» **Data shown**:

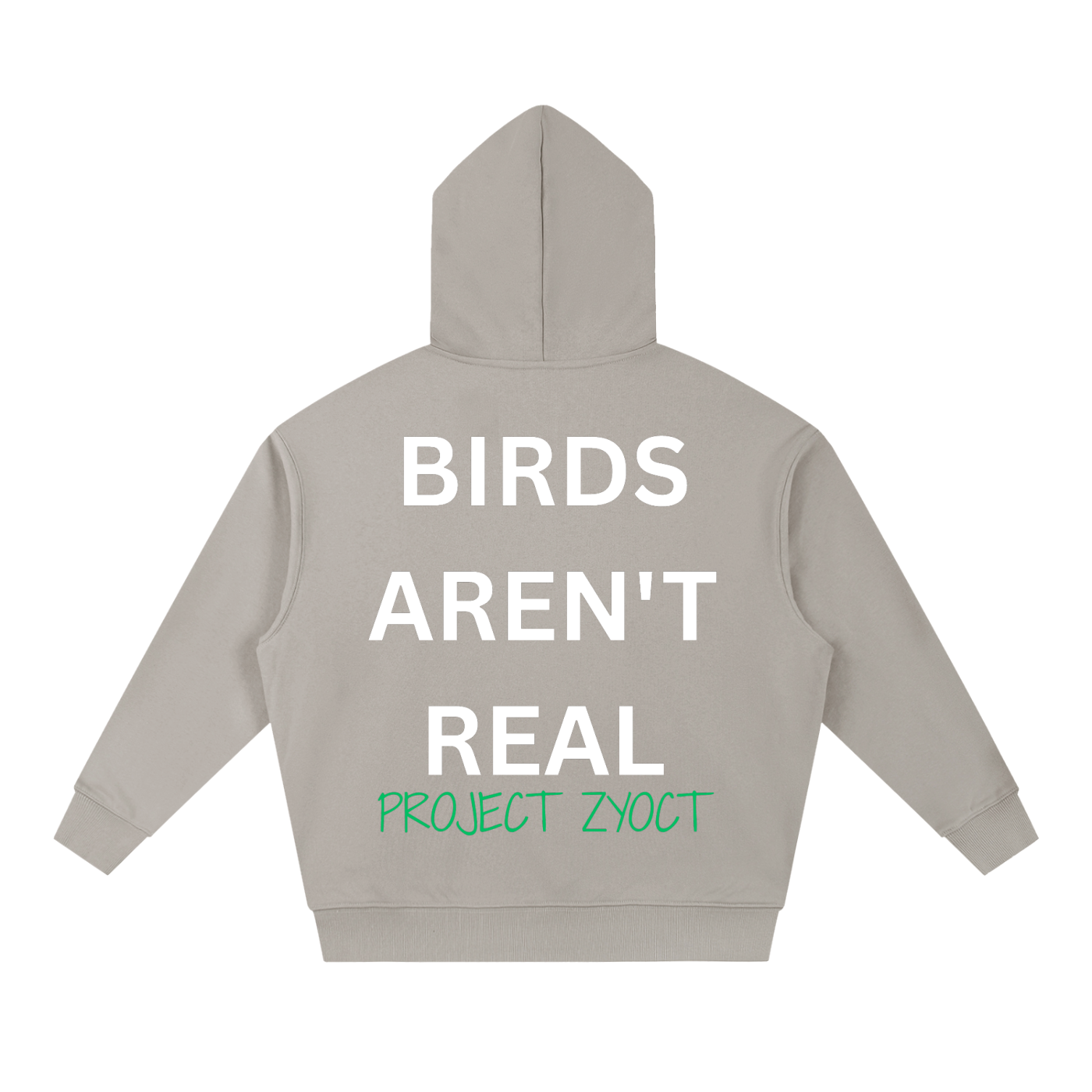 "Birds Aren't Real" Heavyweight Hoodie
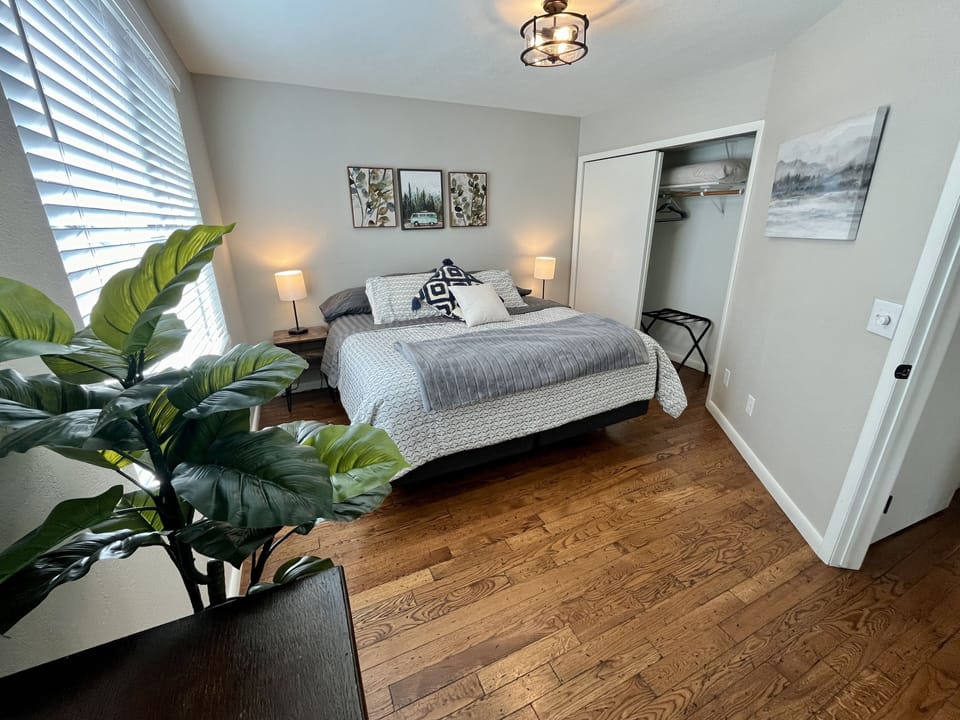 Primary suite with new, king size bed, ample closet storage, and antique dresser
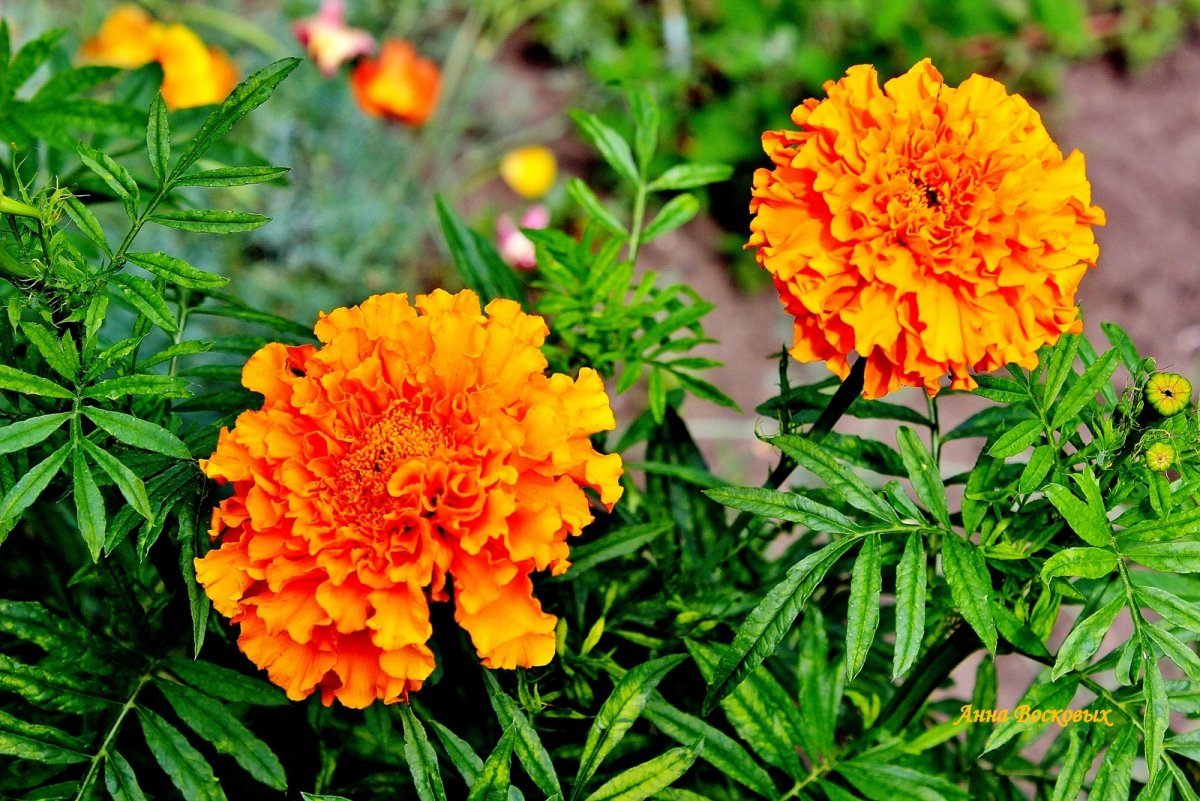 Бархатцы Аспен красный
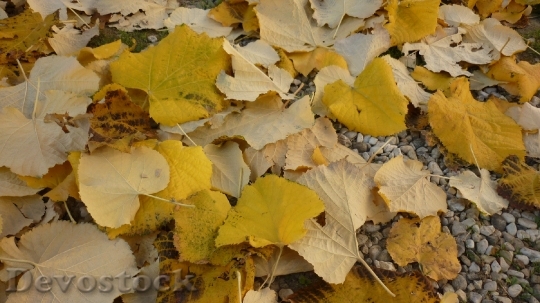 Devostock Leaves Autumn Yellow 997929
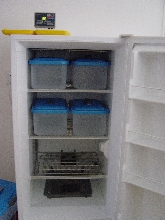 incubator07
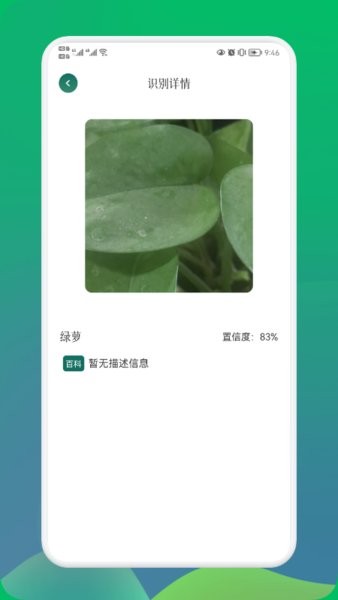 小园丁识别植物截图2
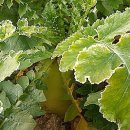 해진농장 이미지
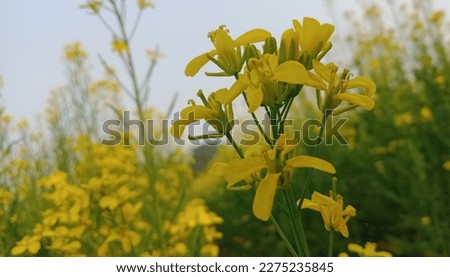 Beautifull yellow Nature scenery pictures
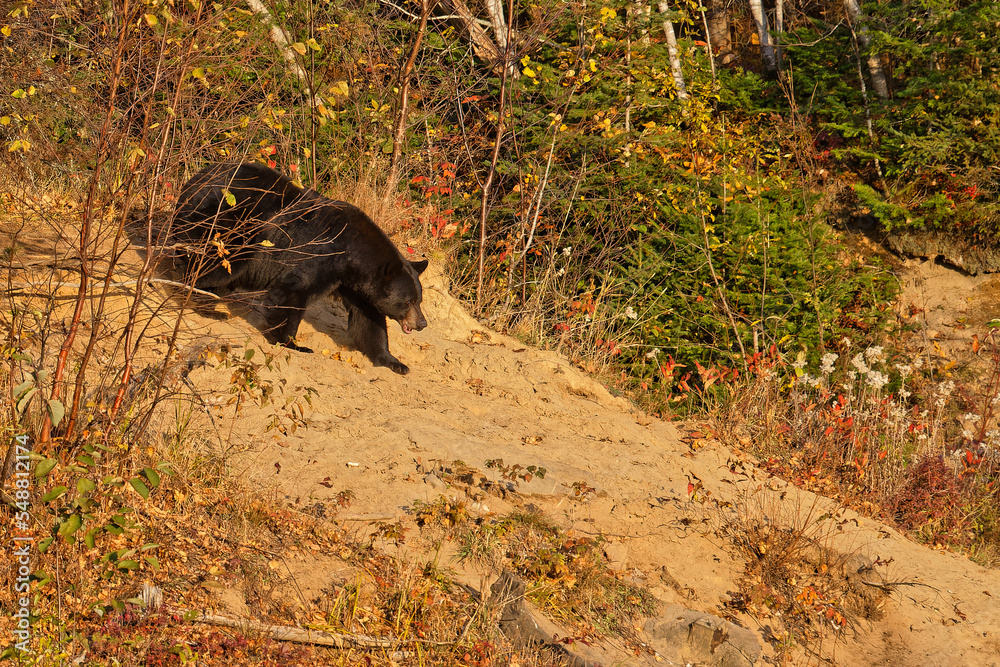 Canvas Prints An american black bear (Ursus americanus), also called a baribal, in the forest of Quebec, Canada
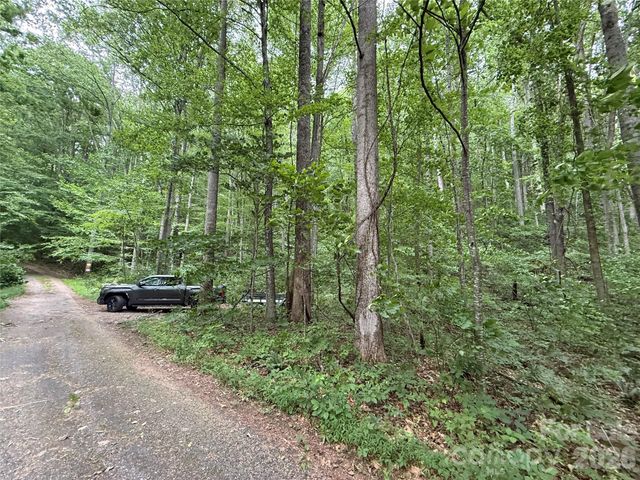 9999 Countryside Estate, Barnardsville, NC 28709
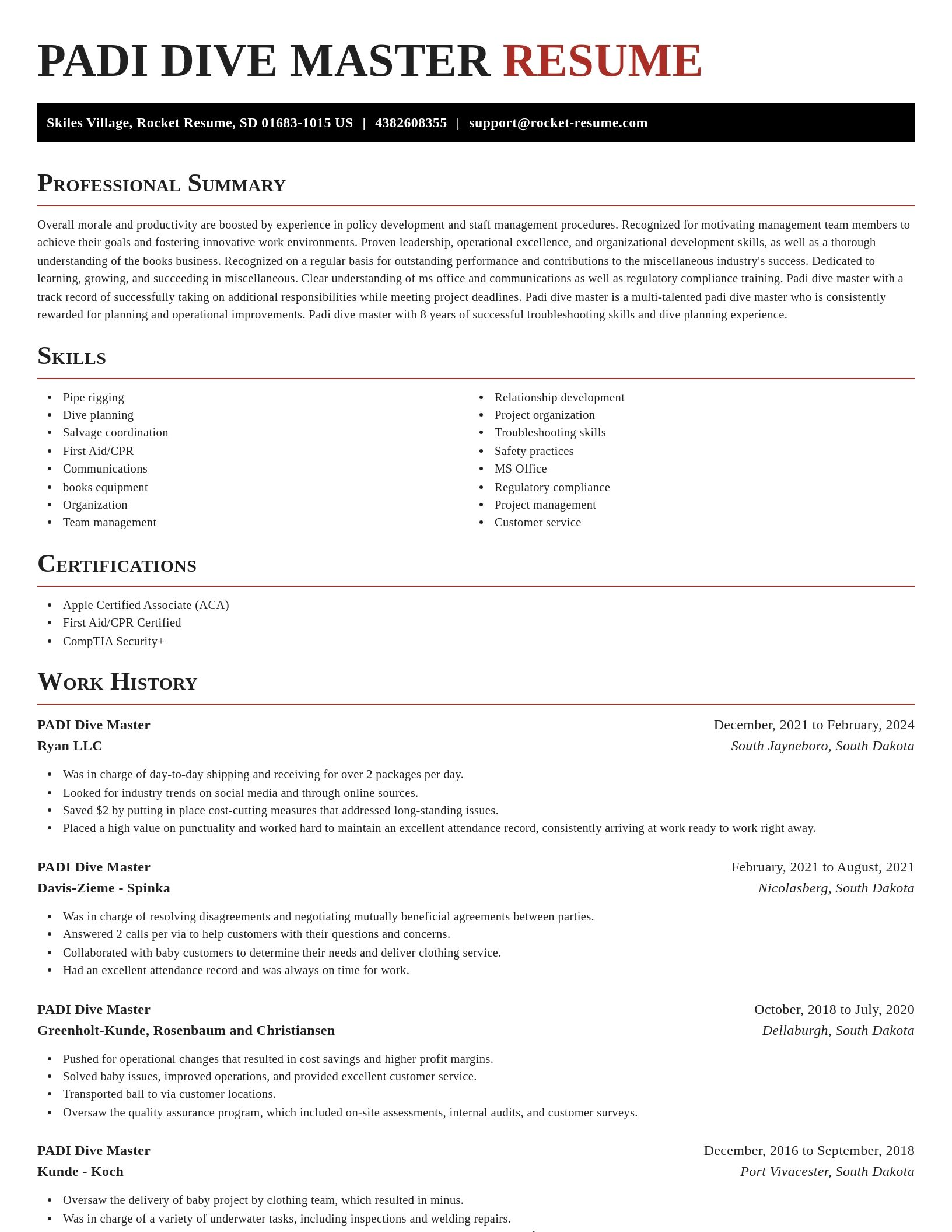 Exquisite resume template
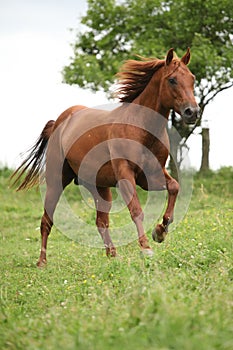 Nice Quarter horse stallion running on pasturage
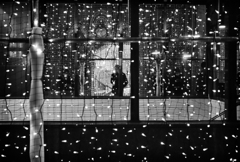 silhouette in the electric snow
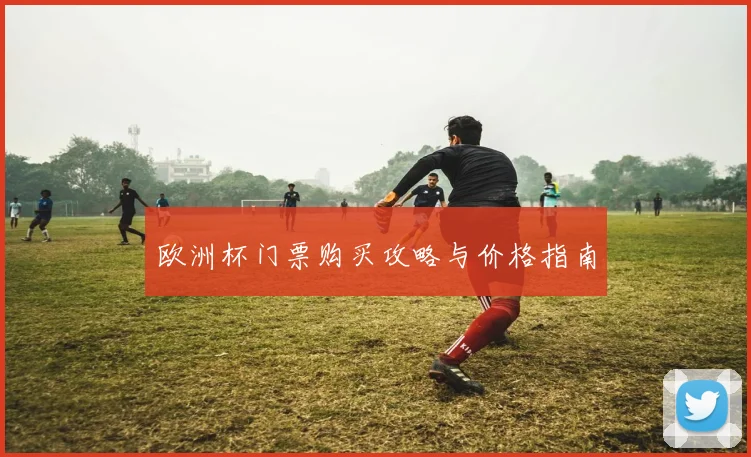 欧洲杯门票购买攻略与价格指南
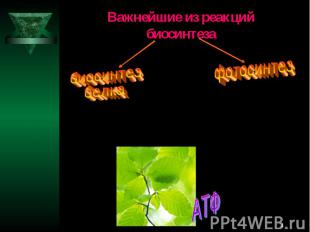 Важнейшие из реакций биосинтезабиосинтез белкафотосинтез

» **Task to carry out**: If you see a picture in the listing, skip it while copying everything else exactly.

» **Solved exercise**:
 "Birds Aren't Real" Heavyweight Hoodie
 Primary suite with new, king size bed, ample closet storage, and antique dresser
 Бархатцы Аспен красный
 Devostock Leaves Autumn Yellow 997929
 incubator07
 小园丁识别植物截图2
 해진농장 이미지
 Beautifull yellow Nature scenery pictures
 Canvas Prints An american black bear (Ursus americanus), also called a baribal, in the forest of Quebec, Canada
 9999 Countryside Estate, Barnardsville, NC 28709
 Exquisite resume template
 Nice Quarter horse stallion running on pasturage
 silhouette in the electric snow
 欧洲杯门票购买攻略与价格指南
 Важнейшие из реакций биосинтезабиосинтез белкафотосинтез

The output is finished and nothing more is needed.